Stop stalling on climate change
Why, after a deadly explosion at a West Virginia coal mine and a massive oil spill in the Gulf, does climate legislation appear to have so little momentum in the Senate? Why haven't these signals of the downsides of fossil fuels created more political support for the cause of fighting climate change?
Twenty-two years ago, James Hansen testified to the U.S. Senate about the growing threat of climate change. Seven years ago, Senators McCain and Lieberman brought the first climate bill to the floor, the Climate Stewardship Act. Yet today, the Senate is still stalling on the issue.
While the American people and green groups are beyond frustrated that they haven't acted, Senators could always argue the time wasn't quite right. But today is different, and I think Senators will rise to the occasion. Why?

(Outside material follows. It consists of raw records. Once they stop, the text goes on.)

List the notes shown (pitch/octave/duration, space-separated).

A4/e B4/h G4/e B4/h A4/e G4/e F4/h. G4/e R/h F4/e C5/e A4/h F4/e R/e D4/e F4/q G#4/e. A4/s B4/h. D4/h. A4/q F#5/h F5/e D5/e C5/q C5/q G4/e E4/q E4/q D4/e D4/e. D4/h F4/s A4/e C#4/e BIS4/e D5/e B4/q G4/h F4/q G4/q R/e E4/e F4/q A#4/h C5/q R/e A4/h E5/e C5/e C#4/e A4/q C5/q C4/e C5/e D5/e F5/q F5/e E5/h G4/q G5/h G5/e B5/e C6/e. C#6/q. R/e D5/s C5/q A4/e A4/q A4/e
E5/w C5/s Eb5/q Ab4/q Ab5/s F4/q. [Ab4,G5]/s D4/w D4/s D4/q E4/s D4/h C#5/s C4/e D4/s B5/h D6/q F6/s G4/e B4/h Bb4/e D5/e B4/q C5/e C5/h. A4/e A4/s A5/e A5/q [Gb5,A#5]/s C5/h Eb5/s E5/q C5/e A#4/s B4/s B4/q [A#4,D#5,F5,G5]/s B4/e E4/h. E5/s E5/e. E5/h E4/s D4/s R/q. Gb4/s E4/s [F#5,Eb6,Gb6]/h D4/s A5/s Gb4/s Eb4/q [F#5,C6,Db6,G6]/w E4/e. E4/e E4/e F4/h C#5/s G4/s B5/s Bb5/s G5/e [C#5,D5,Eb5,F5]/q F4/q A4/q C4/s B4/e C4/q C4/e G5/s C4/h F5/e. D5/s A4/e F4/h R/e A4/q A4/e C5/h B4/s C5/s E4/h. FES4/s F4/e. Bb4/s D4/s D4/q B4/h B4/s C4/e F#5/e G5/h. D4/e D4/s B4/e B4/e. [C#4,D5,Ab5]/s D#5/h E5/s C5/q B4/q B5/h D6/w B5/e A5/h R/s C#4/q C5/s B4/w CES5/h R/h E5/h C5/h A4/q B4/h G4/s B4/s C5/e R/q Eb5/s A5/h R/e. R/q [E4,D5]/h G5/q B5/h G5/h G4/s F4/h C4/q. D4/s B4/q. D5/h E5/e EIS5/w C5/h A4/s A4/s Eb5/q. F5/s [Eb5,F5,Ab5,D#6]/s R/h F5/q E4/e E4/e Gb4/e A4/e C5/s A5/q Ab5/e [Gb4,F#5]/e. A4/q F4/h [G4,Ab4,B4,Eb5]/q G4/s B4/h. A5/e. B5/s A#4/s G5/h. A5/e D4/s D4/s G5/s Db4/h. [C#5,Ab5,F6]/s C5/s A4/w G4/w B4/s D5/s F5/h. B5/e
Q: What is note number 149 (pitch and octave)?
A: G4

Our energy system is dangerous. The past month's tragedies starkly show that our reliance on fossil fuels for energy is not just outdated, it's unsafe to humans and the environment. We need to begin moving off these sources and onto clean, safe energy.
Public support for climate and energy legislation is strong. A poll released last Friday showed that 61 percent of 2010 voters support a bill "will limit pollution, invest in domestic energy sources and encourage companies to use and develop clean energy" and that 39 percent are more likely to support such a bill after the oil spill. Not only that, politicians' concern that climate legislation may hurt their reelection prospects is unfounded -- 54 percent would be more likely to re-elect their Senator if he or she voted for the bill.
Enacting legislation now will stimulate the economy. Climate and energy legislation will spur innovation and job creation in a down economy. Studies have shown (and other countries like China and Germany are quickly learning) that clean energy generation creates more jobs than fossil fuel generation. It's time for the U.S. to lead in this area.
The bill that Kerry and Lieberman introduce this week may be our best chance yet to fix this broken system, and I hope the Senate will deliver.